Language of document :

JUDGMENT OF THE COURT (First Chamber)

7 March 2013 (*)

(Value added tax – Directive 77/388/EEC – Exemption of the management of special investment funds – Scope – Occupational retirement pension schemes)

In Case C‑424/11,

REQUEST for a preliminary ruling under Article 267 TFEU from the First-tier Tribunal (Tax Chamber) (United Kingdom), made by decision of 8 July 2011, received at the Court on 11 August 2011, in the proceedings

Wheels Common Investment Fund Trustees Ltd,

National Association of Pension Funds Ltd,

Ford Pension Fund Trustees Ltd,

Ford Salaried Pension Fund Trustees Ltd,

Ford Pension Scheme for Senior Staff Trustee Ltd

v

Commissioners for Her Majesty’s Revenue and Customs,

THE COURT (First Chamber),

composed of A. Tizzano, President of the Chamber, A Borg Barthet, E. Levits, J.‑J. Kasel and M. Safjan (Rapporteur), Judges,

Advocate General: P. Cruz Villalón,

Registrar: A. Impellizzeri, Administrator,

having regard to the written procedure and further to the hearing on 12 September 2012,

after considering the observations submitted on behalf of:

–        Wheels Common Investment Fund Trustees Ltd and others, by P. Lasok QC, instructed by A. Brown, Solicitor,

–        the United Kingdom Government, by C. Murrell, acting as Agent, and R. Hill, Barrister,

–        the European Commission, by R. Lyal and C. Soulay, acting as Agents,

having decided, after hearing the Advocate General, to proceed to judgment without an Opinion,

gives the following

Judgment

1        This request for a preliminary ruling concerns the interpretation of Article 13B(d)(6) of Sixth Council Directive 77/388/EEC of 17 May 1977 on the harmonisation of the laws of the Member States relating to turnover taxes – Common system of value added tax: uniform basis of assessment (OJ 1977 L 145, p. 1; ‘the Sixth Directive’) and Article 135(1)(g) of Council Directive 2006/112/EC of 28 November 2006 on the common system of value added tax (OJ 2006 L 347, p. 1).

2        The request has been made in proceedings between Wheels Common Investment Fund Trustees Ltd and others and the Commissioners for Her Majesty’s Revenue and Customs (‘the Commissioners’) concerning the latter’s refusal to exempt fund management services supplied to Wheels Common Investment Fund Trustees Ltd and others from value added tax (‘VAT’).

 Legal context

 European Union law

3        The Sixth Directive was repealed by Directive 2006/112, which entered into force on 1 January 2007. Since the period at issue in the main proceedings is between 1 July 2004 and 30 June 2007, both directives are applicable to those proceedings.

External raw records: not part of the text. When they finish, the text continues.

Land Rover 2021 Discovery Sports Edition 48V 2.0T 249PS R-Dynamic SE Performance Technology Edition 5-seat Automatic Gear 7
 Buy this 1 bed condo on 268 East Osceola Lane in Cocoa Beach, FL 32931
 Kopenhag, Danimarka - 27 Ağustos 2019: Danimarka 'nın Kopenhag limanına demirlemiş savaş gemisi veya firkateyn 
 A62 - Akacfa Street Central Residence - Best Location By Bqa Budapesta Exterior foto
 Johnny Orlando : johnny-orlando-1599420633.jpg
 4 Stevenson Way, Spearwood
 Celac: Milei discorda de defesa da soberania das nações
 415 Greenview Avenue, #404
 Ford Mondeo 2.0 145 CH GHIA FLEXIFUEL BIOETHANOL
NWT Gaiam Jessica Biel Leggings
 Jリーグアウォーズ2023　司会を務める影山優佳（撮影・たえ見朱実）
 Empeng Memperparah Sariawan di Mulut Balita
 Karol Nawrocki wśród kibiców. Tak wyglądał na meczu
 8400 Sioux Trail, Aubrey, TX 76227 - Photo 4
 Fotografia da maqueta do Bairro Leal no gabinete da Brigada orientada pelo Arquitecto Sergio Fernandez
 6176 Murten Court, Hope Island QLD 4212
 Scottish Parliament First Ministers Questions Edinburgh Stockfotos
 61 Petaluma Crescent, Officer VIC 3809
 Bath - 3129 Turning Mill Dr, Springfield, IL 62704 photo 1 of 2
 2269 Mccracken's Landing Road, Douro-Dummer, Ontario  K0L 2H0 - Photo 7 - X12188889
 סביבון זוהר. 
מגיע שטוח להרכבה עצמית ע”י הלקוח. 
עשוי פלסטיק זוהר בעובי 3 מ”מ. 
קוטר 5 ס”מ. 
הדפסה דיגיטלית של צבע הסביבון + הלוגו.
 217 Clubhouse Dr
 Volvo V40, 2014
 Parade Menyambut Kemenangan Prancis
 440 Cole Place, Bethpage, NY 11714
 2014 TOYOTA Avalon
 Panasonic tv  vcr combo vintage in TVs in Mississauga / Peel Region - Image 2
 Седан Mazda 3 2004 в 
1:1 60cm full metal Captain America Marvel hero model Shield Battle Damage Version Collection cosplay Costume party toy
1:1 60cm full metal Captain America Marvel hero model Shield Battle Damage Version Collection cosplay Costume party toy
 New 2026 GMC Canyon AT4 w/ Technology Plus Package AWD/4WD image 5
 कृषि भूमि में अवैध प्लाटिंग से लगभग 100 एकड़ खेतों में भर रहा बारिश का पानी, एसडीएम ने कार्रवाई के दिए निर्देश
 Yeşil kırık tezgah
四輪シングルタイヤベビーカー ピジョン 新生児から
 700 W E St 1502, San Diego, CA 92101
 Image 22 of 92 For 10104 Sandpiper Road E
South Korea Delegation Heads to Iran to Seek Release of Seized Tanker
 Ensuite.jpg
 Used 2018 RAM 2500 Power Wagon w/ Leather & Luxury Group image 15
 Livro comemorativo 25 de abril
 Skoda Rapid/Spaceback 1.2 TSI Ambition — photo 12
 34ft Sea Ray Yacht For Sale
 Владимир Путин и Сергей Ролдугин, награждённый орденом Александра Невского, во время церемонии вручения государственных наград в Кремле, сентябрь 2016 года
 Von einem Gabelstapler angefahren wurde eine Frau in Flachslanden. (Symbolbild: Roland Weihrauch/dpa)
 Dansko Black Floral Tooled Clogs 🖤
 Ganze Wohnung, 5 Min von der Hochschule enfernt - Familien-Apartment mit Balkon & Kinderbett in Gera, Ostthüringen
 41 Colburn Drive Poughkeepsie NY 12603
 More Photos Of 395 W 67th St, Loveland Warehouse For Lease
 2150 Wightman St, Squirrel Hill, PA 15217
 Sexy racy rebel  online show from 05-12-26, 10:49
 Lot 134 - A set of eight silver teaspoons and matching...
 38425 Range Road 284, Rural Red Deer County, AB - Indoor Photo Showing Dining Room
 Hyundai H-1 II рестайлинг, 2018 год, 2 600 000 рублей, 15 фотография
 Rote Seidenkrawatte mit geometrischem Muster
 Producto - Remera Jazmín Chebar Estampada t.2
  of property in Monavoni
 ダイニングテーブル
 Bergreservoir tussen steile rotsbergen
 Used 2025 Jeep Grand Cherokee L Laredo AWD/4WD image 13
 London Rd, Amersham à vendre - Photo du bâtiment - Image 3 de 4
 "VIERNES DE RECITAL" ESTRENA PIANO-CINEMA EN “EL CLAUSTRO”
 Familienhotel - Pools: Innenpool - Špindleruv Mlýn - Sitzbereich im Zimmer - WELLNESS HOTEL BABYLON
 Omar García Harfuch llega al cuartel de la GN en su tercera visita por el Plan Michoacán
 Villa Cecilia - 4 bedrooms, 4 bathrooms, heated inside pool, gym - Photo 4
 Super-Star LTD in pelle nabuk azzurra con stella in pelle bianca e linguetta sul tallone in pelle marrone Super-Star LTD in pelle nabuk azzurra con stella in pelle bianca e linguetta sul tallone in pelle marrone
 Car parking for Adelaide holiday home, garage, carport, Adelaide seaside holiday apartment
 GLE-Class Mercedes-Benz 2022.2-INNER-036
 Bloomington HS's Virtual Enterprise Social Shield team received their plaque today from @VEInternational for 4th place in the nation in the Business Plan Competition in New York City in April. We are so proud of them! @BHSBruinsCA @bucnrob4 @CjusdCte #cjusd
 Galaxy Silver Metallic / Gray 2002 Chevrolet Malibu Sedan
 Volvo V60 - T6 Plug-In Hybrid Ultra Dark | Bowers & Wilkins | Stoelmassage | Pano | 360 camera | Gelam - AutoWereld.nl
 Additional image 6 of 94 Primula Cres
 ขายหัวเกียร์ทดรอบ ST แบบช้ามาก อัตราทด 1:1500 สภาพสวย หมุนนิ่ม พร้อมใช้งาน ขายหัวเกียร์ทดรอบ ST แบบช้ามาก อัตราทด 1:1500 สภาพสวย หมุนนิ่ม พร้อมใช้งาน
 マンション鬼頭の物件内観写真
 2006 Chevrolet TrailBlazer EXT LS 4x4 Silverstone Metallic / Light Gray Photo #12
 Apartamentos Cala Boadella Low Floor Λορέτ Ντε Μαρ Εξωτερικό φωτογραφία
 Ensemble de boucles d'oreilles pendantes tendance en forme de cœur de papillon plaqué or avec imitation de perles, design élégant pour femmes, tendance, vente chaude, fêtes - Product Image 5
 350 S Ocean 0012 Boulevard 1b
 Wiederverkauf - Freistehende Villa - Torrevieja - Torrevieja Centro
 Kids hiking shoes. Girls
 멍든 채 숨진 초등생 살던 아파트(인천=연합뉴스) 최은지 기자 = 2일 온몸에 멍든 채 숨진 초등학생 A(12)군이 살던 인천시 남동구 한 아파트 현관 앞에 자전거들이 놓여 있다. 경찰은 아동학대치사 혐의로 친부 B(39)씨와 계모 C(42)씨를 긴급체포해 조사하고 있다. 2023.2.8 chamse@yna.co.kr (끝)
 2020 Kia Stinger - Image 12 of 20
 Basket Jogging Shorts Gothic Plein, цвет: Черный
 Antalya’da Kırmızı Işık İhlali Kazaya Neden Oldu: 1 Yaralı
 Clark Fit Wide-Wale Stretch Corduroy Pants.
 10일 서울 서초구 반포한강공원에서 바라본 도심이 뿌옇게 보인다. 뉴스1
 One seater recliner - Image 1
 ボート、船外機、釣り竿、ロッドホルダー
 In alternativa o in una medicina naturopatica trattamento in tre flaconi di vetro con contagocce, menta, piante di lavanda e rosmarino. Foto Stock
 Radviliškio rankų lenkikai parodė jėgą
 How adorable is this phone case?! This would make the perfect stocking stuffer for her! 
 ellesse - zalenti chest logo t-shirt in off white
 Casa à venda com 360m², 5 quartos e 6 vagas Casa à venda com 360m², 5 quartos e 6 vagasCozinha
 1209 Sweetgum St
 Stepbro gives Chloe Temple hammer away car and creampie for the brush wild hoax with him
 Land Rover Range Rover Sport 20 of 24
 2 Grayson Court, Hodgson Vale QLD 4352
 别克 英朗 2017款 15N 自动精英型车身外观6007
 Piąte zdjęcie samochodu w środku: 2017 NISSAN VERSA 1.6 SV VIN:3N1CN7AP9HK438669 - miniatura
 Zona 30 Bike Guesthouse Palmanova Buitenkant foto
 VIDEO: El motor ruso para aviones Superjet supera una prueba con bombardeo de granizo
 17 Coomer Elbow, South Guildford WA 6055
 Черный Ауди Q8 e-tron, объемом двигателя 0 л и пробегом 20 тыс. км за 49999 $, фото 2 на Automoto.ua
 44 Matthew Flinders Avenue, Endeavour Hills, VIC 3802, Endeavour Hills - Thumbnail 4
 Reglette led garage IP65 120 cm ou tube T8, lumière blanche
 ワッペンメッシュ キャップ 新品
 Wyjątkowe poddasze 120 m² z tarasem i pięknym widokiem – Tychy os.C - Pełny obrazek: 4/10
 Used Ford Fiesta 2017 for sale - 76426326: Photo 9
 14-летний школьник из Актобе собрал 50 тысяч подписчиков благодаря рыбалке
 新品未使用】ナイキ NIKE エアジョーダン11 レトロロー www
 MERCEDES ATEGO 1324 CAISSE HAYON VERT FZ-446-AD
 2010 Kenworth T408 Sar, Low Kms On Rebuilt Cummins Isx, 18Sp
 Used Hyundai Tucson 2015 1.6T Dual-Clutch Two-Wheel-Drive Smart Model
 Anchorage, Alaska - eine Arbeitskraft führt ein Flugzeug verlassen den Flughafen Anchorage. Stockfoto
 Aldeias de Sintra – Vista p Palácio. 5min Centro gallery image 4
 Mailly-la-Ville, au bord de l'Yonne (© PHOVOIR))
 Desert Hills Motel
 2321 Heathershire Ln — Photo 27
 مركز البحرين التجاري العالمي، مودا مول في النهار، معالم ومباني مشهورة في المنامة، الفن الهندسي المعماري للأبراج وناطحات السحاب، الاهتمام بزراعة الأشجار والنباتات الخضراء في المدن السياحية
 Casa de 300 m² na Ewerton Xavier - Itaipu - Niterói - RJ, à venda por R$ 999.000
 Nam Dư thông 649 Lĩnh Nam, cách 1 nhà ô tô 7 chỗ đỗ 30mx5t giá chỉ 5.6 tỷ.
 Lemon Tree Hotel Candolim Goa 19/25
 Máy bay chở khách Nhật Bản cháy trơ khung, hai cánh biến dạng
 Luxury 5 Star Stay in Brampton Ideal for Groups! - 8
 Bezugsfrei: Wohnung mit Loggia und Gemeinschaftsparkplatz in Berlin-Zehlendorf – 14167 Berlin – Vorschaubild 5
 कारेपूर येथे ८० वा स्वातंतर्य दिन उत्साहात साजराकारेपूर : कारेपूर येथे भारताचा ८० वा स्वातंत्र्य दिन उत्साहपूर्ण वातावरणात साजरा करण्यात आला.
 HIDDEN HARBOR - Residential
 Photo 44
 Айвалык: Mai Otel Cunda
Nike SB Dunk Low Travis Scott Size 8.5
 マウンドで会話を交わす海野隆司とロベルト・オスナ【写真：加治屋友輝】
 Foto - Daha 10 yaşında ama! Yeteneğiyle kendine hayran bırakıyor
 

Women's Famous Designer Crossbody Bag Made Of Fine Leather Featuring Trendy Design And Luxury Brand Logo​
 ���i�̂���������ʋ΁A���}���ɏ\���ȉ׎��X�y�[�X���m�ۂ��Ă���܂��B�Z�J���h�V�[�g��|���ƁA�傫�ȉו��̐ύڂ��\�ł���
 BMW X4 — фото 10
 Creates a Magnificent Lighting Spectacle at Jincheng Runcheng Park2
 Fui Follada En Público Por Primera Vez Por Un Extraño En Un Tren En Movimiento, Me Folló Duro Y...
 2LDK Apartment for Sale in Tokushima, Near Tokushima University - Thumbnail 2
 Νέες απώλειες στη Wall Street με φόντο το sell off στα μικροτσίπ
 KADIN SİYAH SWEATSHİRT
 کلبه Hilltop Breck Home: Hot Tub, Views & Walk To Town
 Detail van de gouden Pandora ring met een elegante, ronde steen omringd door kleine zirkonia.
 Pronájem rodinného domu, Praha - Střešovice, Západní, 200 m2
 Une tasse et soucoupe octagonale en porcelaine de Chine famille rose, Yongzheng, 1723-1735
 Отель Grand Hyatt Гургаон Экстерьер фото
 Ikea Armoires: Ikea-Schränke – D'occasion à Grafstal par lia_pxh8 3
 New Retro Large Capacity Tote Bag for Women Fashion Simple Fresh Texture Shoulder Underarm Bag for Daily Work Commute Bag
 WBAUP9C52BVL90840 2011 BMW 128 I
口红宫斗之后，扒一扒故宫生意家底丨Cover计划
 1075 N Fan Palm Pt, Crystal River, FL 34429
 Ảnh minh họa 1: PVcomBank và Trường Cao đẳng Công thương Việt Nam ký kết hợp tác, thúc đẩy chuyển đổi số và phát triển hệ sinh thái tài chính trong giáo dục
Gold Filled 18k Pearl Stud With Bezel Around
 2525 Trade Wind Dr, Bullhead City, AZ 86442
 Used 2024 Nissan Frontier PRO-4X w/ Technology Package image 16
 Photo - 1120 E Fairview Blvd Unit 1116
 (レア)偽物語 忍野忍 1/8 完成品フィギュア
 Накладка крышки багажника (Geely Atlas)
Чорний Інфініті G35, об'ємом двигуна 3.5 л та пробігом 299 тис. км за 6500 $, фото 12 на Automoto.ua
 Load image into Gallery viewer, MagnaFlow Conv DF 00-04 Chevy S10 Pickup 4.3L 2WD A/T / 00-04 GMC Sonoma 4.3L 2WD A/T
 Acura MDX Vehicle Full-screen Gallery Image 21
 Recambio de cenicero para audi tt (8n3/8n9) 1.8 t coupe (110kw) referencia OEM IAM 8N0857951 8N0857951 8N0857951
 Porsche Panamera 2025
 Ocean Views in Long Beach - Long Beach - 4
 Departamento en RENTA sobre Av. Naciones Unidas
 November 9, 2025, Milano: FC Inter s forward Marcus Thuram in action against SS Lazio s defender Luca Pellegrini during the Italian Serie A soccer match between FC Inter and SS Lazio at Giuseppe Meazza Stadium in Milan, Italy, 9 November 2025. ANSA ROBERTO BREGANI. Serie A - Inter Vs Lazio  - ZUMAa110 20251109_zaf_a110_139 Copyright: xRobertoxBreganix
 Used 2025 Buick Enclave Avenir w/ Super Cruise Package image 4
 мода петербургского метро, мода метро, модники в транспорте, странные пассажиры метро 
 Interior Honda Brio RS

4        Article 13B(d)(6) of the Sixth Directive and Article 135(1)(g) of Directive 2006/112 are couched in essentially identical terms. Under those provisions, the Member States are to exempt from VAT the ‘management of special investment funds as defined by Member States’.

 United Kingdom law

5        At the time material to the main proceedings, Article 135(1)(g) of Directive 2006/112 was implemented by items 9 and 10 of Group 5 of Schedule 9 to the Value Added Tax Act 1994, which exempted:

‘9      The management of an authorised unit trust [“AUT”] scheme or of a trust based scheme.

10      The management of the scheme property of an open-ended investment company [“OEIC”].’

6        In order to take account of the decision, made by judgment of 28 June 2007, in Case C‑363/05 JP Morgan Fleming Claverhouse Investment Trust and The Association of Investment Trust Companies [2007] ECR I‑5517 (‘Claverhouse’), the scope of items 9 and 10 was extended, with effect from 1 October 2008, by the Value Added Tax (Finance) (No 2) Order 2008. Those items now exempt the management of collective investment undertakings in the form of an OEIC or AUT and the management of closed-ended collective investment undertakings such as investment trust companies.

7        Note 6 to Group 5 of Schedule 9 to the Value Added Tax Act 1994 provides that ‘OEIC’ and ‘AUT’ are defined in the Financial Services and Markets Act 2000.

8        Part XVII of the Financial Services and Markets Act 2000 provides inter alia as follows in sections 235 to 237:

‘235. Collective investment schemes

(1)      In this Part “collective investment scheme” means any arrangements with respect to property of any description, including money, the purpose or effect of which is to enable persons taking part in the arrangements (whether by becoming owners of the property or any part of it or otherwise) to participate in or receive profits or income arising from the acquisition, holding, management or disposal of the property or sums paid out of such profits or income.

(2)      The arrangements must be such that the persons who are to participate (“participants”) do not have day-to-day control over the management of the property, whether or not they have the right to be consulted or to give directions.

(3)      The arrangements must also have either or both of the following characteristics –

(a)      the contributions of the participants and the profits or income out of which payments are to be made to them are pooled;

(b)      the property is managed as a whole by or on behalf of the operator of the scheme.

236. Open-ended investment companies

(1)      In this Part “an open-ended investment company” means a collective investment scheme which satisfies both the property condition and the investment condition.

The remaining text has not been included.